Birleşmiş Milletler parametrelerinden vaz geçmekten bahsediyorlar ya…

Hadi vaz geçtiğimizi hayal edelim birlikte:

Ne olur diye düşünelim:

1.Güney ile aramızdaki sınır kapıları kapatılır.

  1. Güney’de çalışan Kıbrıslı Türkler artık Güney’de çalışıp Kuzey’de yaşama şanslarını yitir. Kuzey’de yaşamak/çalışmak veya ülkeyi terketmek durumunda kalırlar.
  2. Güney’de her kademede eğitim almakta olan veya çeşitli kurslara devam etmekte olup uluslararası sertifikalar edinmeye çalışan gençlerimiz başta olmak üzere tüm insanlarımız bu haklarını artık kullanmazlar.
  3. Yeşil Hat tüzüğüne bağlı olarak sürdürülen ticari faaliyetler; bu faaliyetlere dayandırılan çalışmalar ve mesleki etkinlikler artık bunu sürdüremeyeceklerinden dünyaya açılan pencere olarak sadece Kuzey’i ve Türkiye’yi düşünmek zorunda kalırlar. Bunca yatırım, emek ve düzenleme sıfır ile çarpılarak gerilemeye maruz kalır.
  4. Güneyden günübirlik bile olsa gelen tüm turistlere veda ederiz.
  5. Kumarhaneler o yoldan gelen kumarbazları kaybederler.
  6. Avrupa Birliği kimlik ve pasaportalrımızın bizlere sağladığı ek çok imkanı kullanamaz hale gelir, belki bunu kaybetmekle karşı karşıya bırakılabiliriz. Ticaret, turizm, sağlık, eğitim için sadece uçuşlar için dahi tercih edilen güney seçeneği ortadan kalkar.
  1. Uluslararası bağlantı adı altında tek bağlantımız Türkiye Cumhuriyeti olarak kalır.
  1. Müzakereler nedeniyle Birleşmiş Milletler ve Avrupa Birliği ülkeleri ile kurulan diyaloglar ortadan kalkar.
  2. Müzakere etme gereği olmayacağından her türlü alışverişimizi Türkiye Cumhuriyeti ile yapmak durumunda kalırız.
  3. Kendi ekonomimiz, kendi sanayimiz, yeterli tarımsal ve ticari faaliyetlerimiz olmadığında kendi kendimize dahi yetememe durumumuz ortaya çıkar. Avcı toplayıcı toplum olmak imkânı da 21. yüzyıl için geç olduğundan feci bir fakirlik ve geri kalmışlığa itiliriz.
  4. Kendi eğitim sistemini geliştirebilen bir yapımız yok, kendi sağlık sistemini yapılandıran bir tecrübemiz yok, kendi sistemimizi hiçbir bacağından utarak başlatmak, geliştirmek ve ilerletmek donanımız ve pratiğimiz olmadığından çuvallamanın alasını yaşarız.
  5. Türkiye bu noktada elbette devreye girer. Ama bize sorar: Türkiye Cumhuriyeti yurttaşı olarak m yoksa yardım talep eden bir ülke olarak mı görmeliyim sizi? Ona göre de önce can sonra canan felsefesi çalışacaktır…

***

Her bişeyi geçtik. Peki uluslararası platformda temsiliyet ihtiyacımız olur mu? Ya da başka bir deyişle Cumhurbaşkanlığı makamına gerek kalır mı öylesi bir yapıda?

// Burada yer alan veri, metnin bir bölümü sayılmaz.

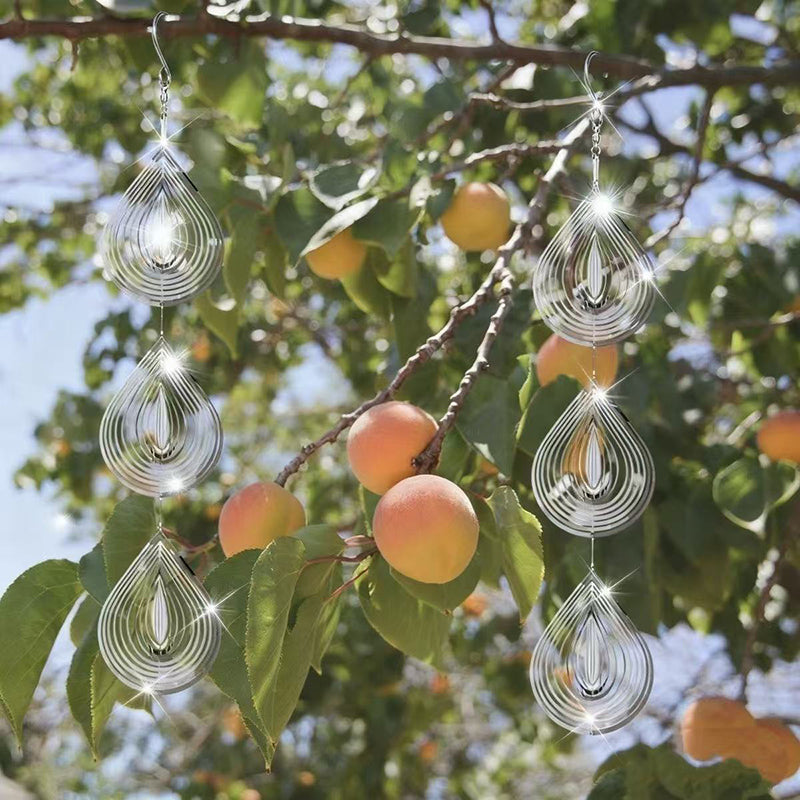 Stackable, rotatable teardrop-shaped wind chime ornament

İç düzeni kuracağımız, adı devlet olsa da canını ciğerine takmış, kendi yağı ile ciğerini kavuracak bir “kabile” mantığına dönüşmek gerekebilir küllerimizden doğmak için…

Hazır mısınız buna?

***

Şimdi bir antlaşma yapacak toplum olarak görüldüğümüzden, Türkiye Cumhuriyeti’nin de stratejik planlarında ona sağlayan bir toprak parçasıyız. Biz müzakere ve BM parametrelerini bıraktığımız anda Türkiye için bu toprakların böyle bir değeri kalmaz. Bilakis onun için büyük bir tehdide dönüşür; onu ciddi bir sıcak/soğuş savaşın içine girmeye zorlamış oluruz. Bu savaş bizi hemen yok eder, o ise bu topraklardan çekilmek zorunda kalabilir.

O zaman biz ne yapıyoruz?

***

CTP vekili Fikri Toros’un kürsüden BM parametrelerine dönüş hususundaki çağrısını sakın yabana atmayın. O sadece bir vekil değil. Ticaret Odası’nın uluslararası kimliğinin ileriye taşınması için çaba gösteren bireylerden birisi olarak bakışı ve görüşü dikkatle dinlenmelidir. Boşuna konuşmadığı kesin!